Dice, pues, que bien se acordará el que hubiere leído la primera parte
desta historia de aquel Ginés de Pasamonte a quien entre otros galeotes dio
libertad don Quijote en Sierra Morena, beneficio que después le fue mal agradecido
y peor pagado de aquella gente maligna y mal acostumbrada. Este Ginés de Pasamonte,
a quien don Quijote llamaba «Ginesillo de Parapilla», fue el que hurtó
a Sancho Panza el rucio, que, por no haberse puesto el cómo ni el cuándo
en la primera parte, por culpa de los impresores, ha dado en qué entender
a muchos, que atribuían a poca memoria del autor la falta de emprenta. Pero,
en resolución, Ginés le hurtó estando sobre él durmiendo
Sancho Panza, usando de la traza y modo que usó Brunelo cuando, estando Sacripante
sobre Albraca, le sacó el caballo de entre las piernas, y después le
cobró Sancho como se ha contado. Este Ginés, pues, temeroso de no ser
hallado de la justicia, que le buscaba para castigarle de sus infinitas bellaquerías
y delitos, que fueron tantos y tales, que él mismo compuso un gran volumen
contándolos, determinó pasarse al reino de Aragón y cubrirse
el ojo izquierdo, acomodándose al oficio de titerero, que esto y el jugar
de manos lo sabía hacer por estremo.
Sucedió, pues, que de unos cristianos ya libres que venían de Berbería
compró aquel mono, a quien enseñó que en haciéndole cierta
señal se le subiese en el hombro y le murmurase, o lo pareciese, al oído.
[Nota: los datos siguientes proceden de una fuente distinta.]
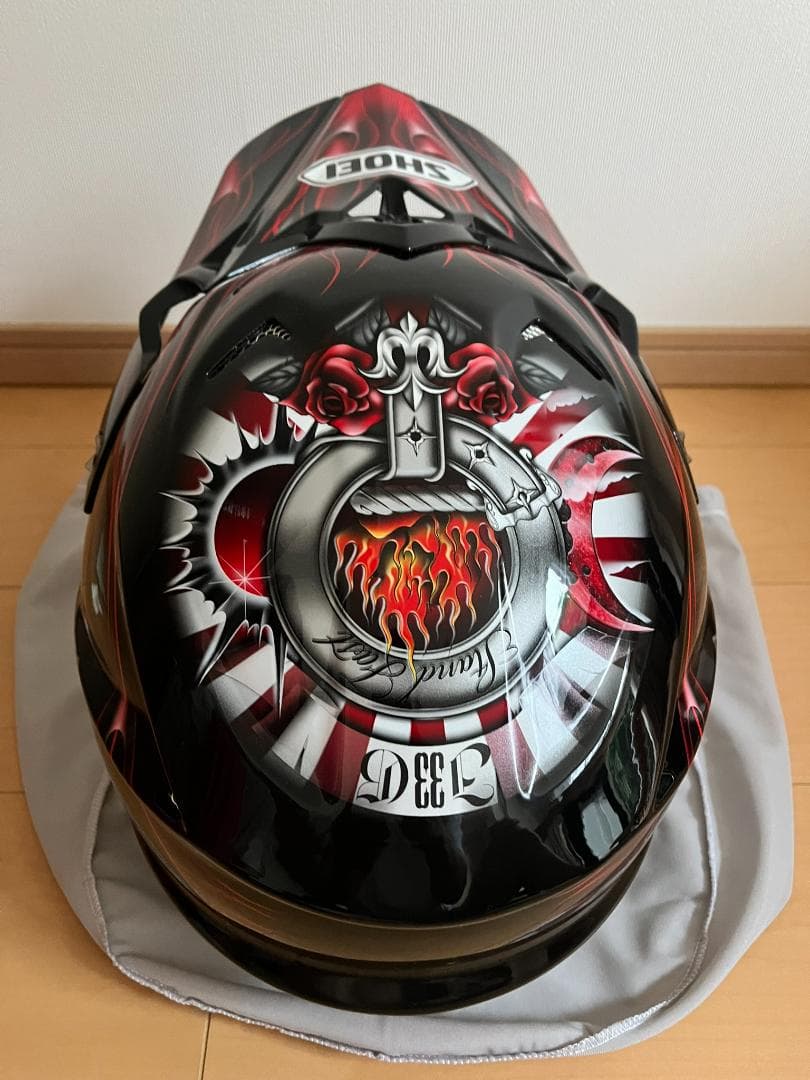 VFX-W, GRANT RED, TC-1, XLサイズ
Hecho esto, antes que entrase en el lugar donde entraba con su retablo y mono, se
informaba en el lugar más cercano, o de quien él mejor podía,
qué cosas particulares hubiesen sucedido en el tal lugar, y a qué personas;
y llevándolas bien en la memoria, lo primero que hacía era mostrar
su retablo, el cual unas veces era de una historia y otras de otra, pero todas alegres
y regocijadas y conocidas. Acabada la muestra, proponía las habilidades de
su mono, diciendo al pueblo que adivinaba todo lo pasado y lo presente, pero que
en lo de por venir no se daba maña. Por la respuesta de cada pregunta pedía
dos reales, y de algunas hacía barato, según tomaba el pulso a los
preguntantes; y como tal vez llegaba a las casas de quien él sabía
los sucesos de los que en ella moraban, aunque no le preguntasen nada por no pagarle,
él hacía la seña al mono y luego decía que le había
dicho tal y tal cosa, que venía de molde con lo sucedido. Con esto cobraba
crédito inefable, y andábanse todos tras él. Otras veces, como
era tan discreto, respondía de manera que las respuestas venían bien
con las preguntas; y como nadie le apuraba ni apretaba a que dijese cómo adevinaba
su mono, a todos hacía monas, y llenaba sus esqueros.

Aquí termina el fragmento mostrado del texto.